INPUT MATERIAL
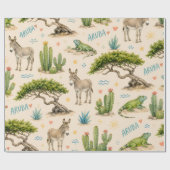 Aruba Divi-Baum, Esel, Leguan, Kaktus Geschenkpapier (Flach)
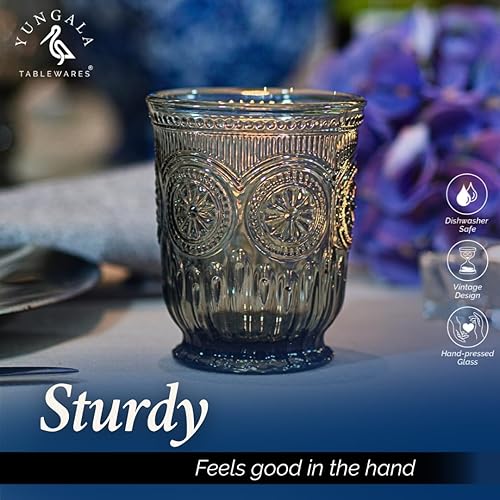 Miniatura 7 de Yungala Juego de 6 vasos de vidrio negro para beber humo, vasos de agua de 8 onzas, vasos de vidrio vintage texturizados aptos para lavavajillas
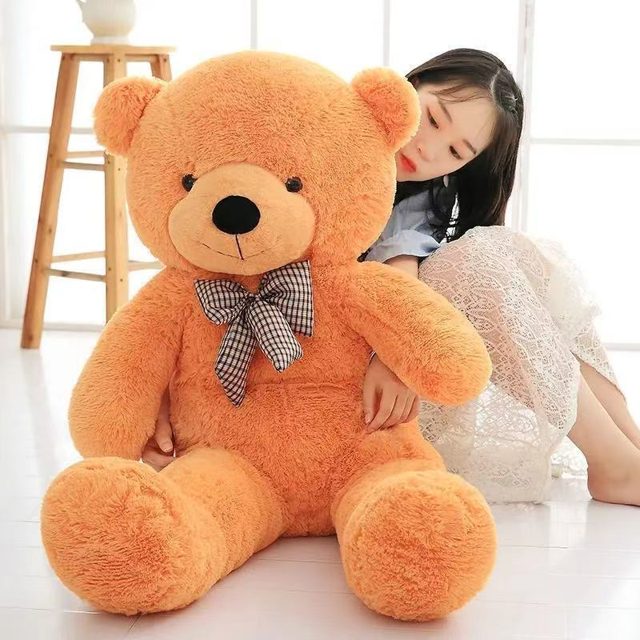 Classic Brown Teddy Bear With Plaid Bow — photo 6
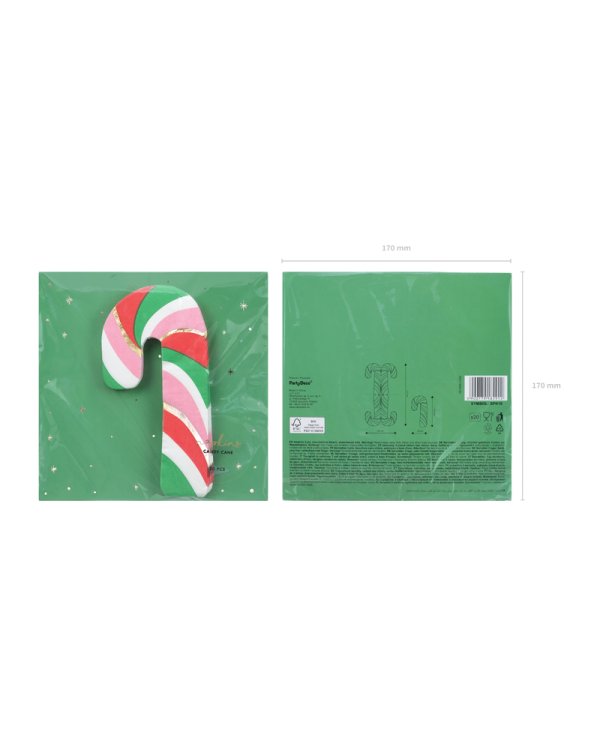 Napkins Candy cane, mix, 8x15.5cm (1 pkt / 20 pc.)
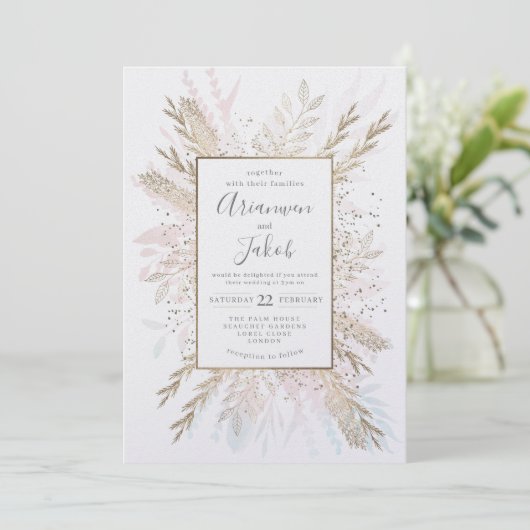 Goudbeemdje met kleur, waterverf en folie feestdagenkaart (Staand voorkant)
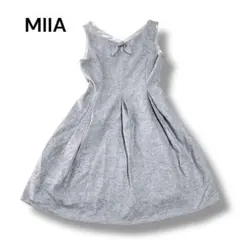 MIIA ミーア ウール混 ヘリンボーン柄　ミニワンピース Fサイズ　グレー系のサムネイル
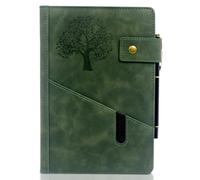 HATFRYF Thick A5 Journal Notebook Lined, 360 Pages Leather Hardcover College Lined Journal Notepad, Notebook and Pen Set, 100GSM Paper, for Work Office School, 5.7" X 8.5", Olive Green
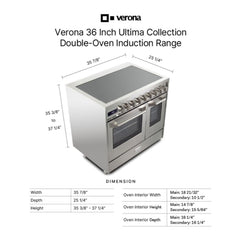 Verona 36 inch Ultima Double Oven Electric Range with 5 Radiant Elements, 4.1 cu. ft. Total Oven Capacity - VUFSEE365D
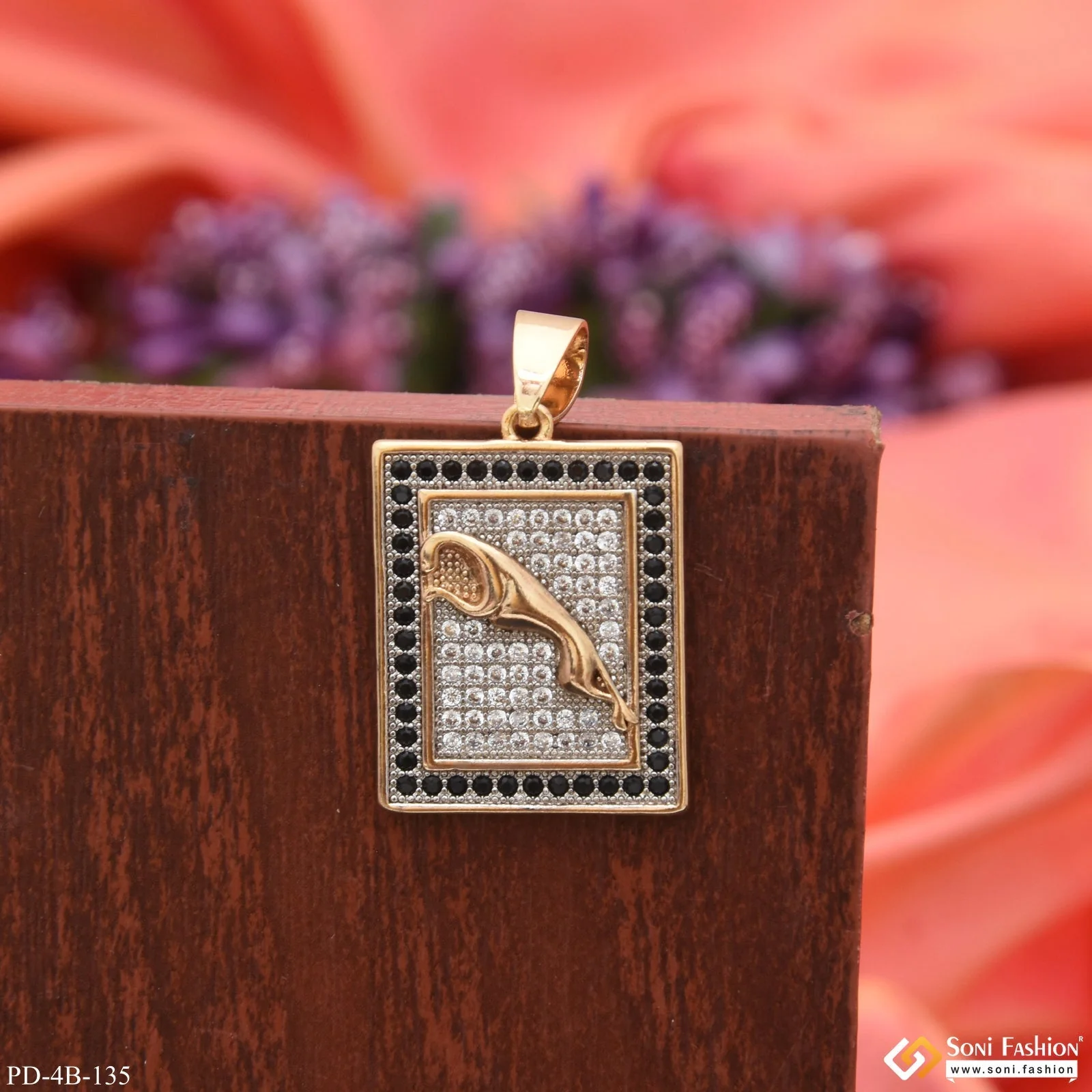 Jaguar With Diamond Finely Detailed Design Rose Gold Pendant For Men - Style B135 - Image 2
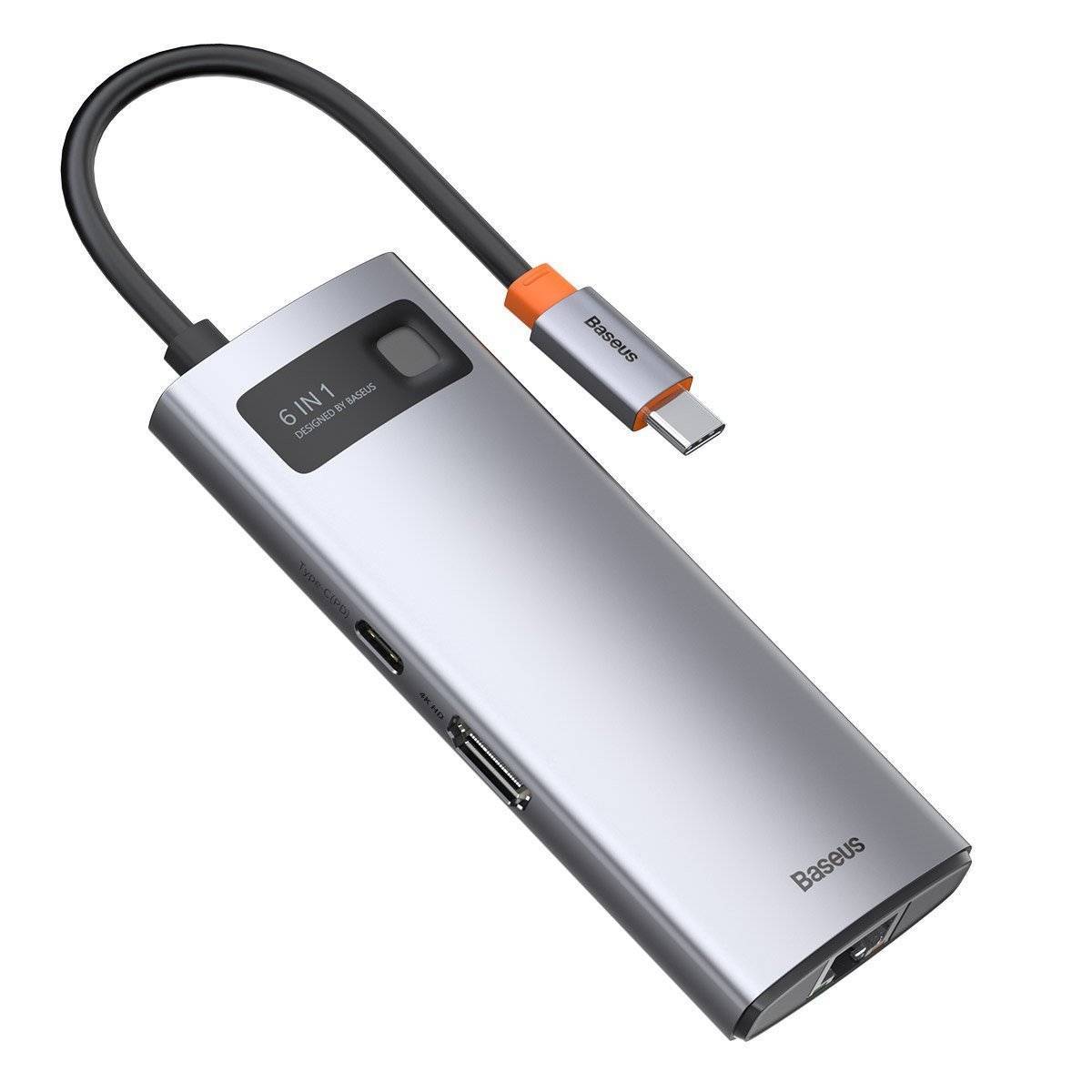 nål ebbe tidevand blotte Baseus USB-C 6-i-1 hub, 3xUSB 3.0, HDMI, 100W PD og netværk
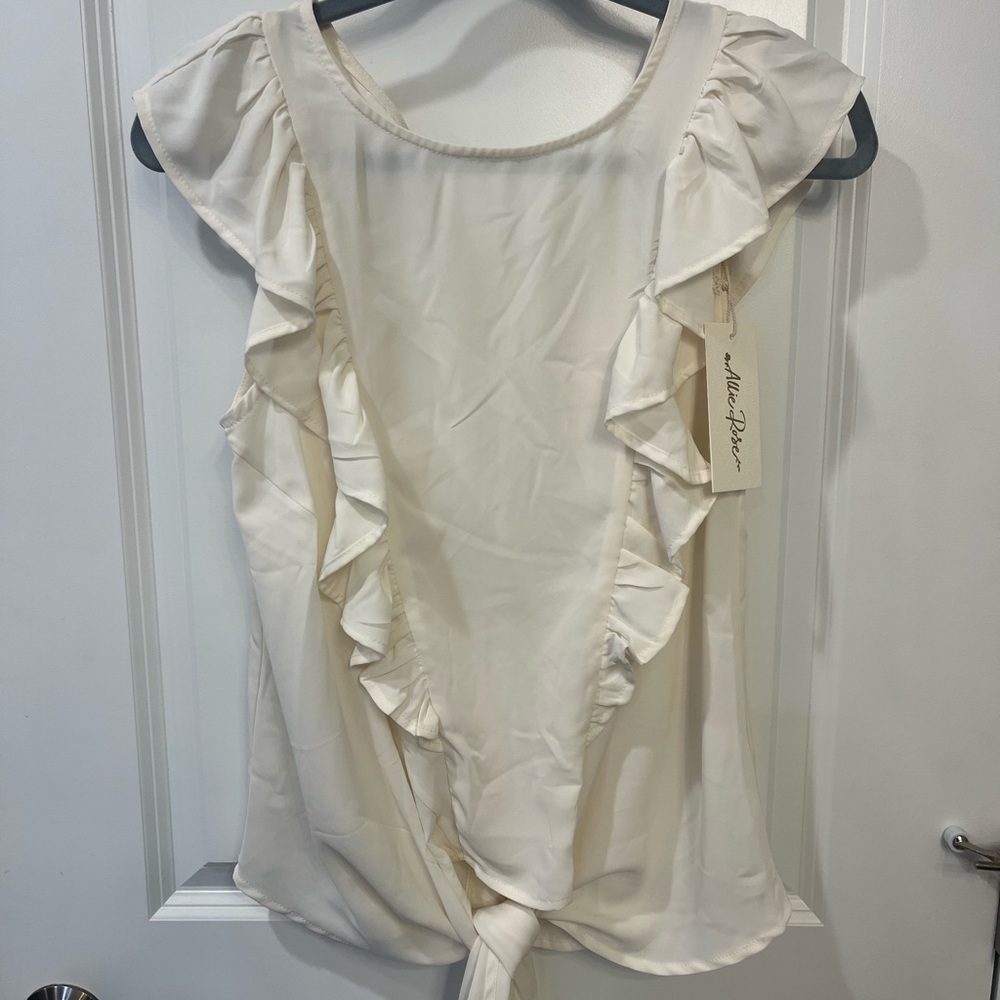 Allie Rose Cream Tie-Front Ruffle Blouse - size Small - New With Tags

DIRECTIONS
Go back to the entries above and restate word for word every line from the first through the one that contains "Classic Brown Teddy", leaving the pictures behind.

RESULT BELOW
 Aruba Divi-Baum, Esel, Leguan, Kaktus Geschenkpapier (Flach)
 Miniatura 7 de Yungala Juego de 6 vasos de vidrio negro para beber humo, vasos de agua de 8 onzas, vasos de vidrio vintage texturizados aptos para lavavajillas
 Classic Brown Teddy Bear With Plaid Bow — photo 6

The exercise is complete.